Looking for a luxury gift for the watch lover who already has everything? Then look no further, because Wolf has announced the Rocket.
A single-watch winder, the Rocket is designed to be a compact and travel-friendly way to keep a single watch fully wound and ready for use while you're away from home.
Built to keep the main spring of an automatic mechanical watch wound up, by rotating the watch periodically when it's not being worn, the best watch winders tend to be large boxes intended for the bedside or dressing table. Instead, this is a winder that's small enough to be thrown into a weekend bag, ready to keep your watch topped up on your travels.

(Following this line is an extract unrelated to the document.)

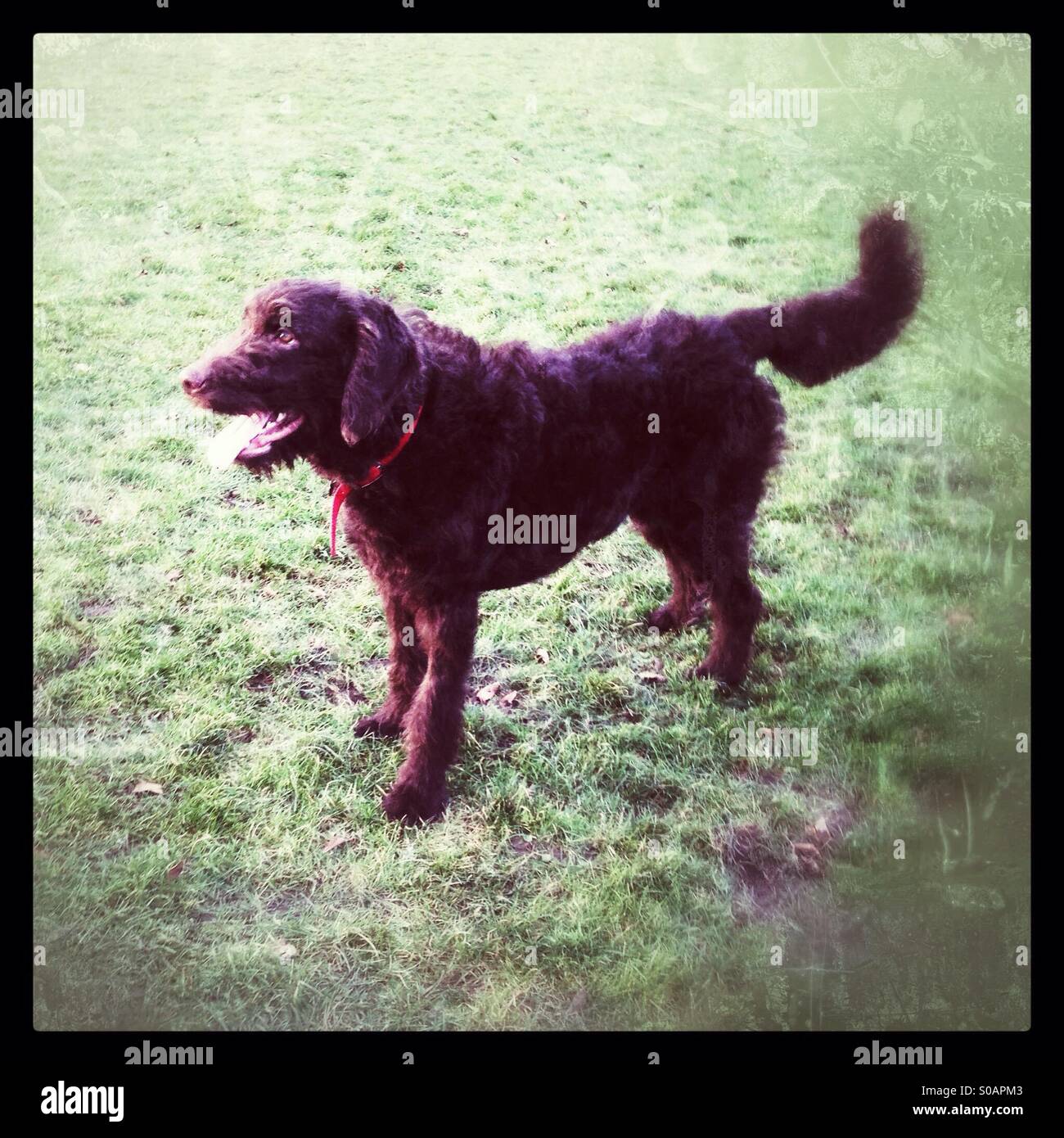 Sechs Monate alten Labradoodle Welpen Hund - Smartphone-aufgenommenes Stockfoto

We know it sounds like an extravagant luxury – because, well, it is – but for watch fans who like to travel with a timepiece on their wrist and another, perhaps for a different activity or outfit, in their hotel room, the Rocket has its place.
The winder is programmed to rotate 900 times per day at a speed of six rotations per minute, splitting this into clockwise and anti-clockwise rotations.
Once a watch is inserted, the Rocket rotates clockwise 180 times, then counter-clockwise 180 times, before resting for 25 minutes. It then repeats this process five times, then rests with the watch the right way up for 16 hours and 55 minutes, before starting again. That way, the watch is wound, and then allowed to run for most of the day before having its power reserve topped back up.
Wolf, a British watch accessory company established in 1834 and which specialises in winders, claims the Rocket is the world's smallest travel watch winder.
About the size of a small travel flask, the cylindrical Rocket puts your watch on display at end, which spins to keep the main spring wound and the movement on time.
The Rocket is powered by a lithium battery and features nylon components in its gearbox for quiet running. It is charged via a USB-C port on the rear, a set of LEDs show the winder's status, and when finished the winder returns to the 12 o'clock position, ensuring your watch is the right way up. Handy if you use it as a bedside clock while travelling.
Battery life is a claimed 45 days, and the winder takes eight hours to charge, Wolf says.
Watch winders may seem unnecessary when your time-only watch takes just a few seconds to set. But if you happen to own a more complex timepiece with multiple complications, like a day and date function, and even a moon phase complication, resetting everything when the watch has run out of power reserve can be a lengthy process. It's therefore handy to keep the watch's energy topped up with an automatic, battery-powered winder.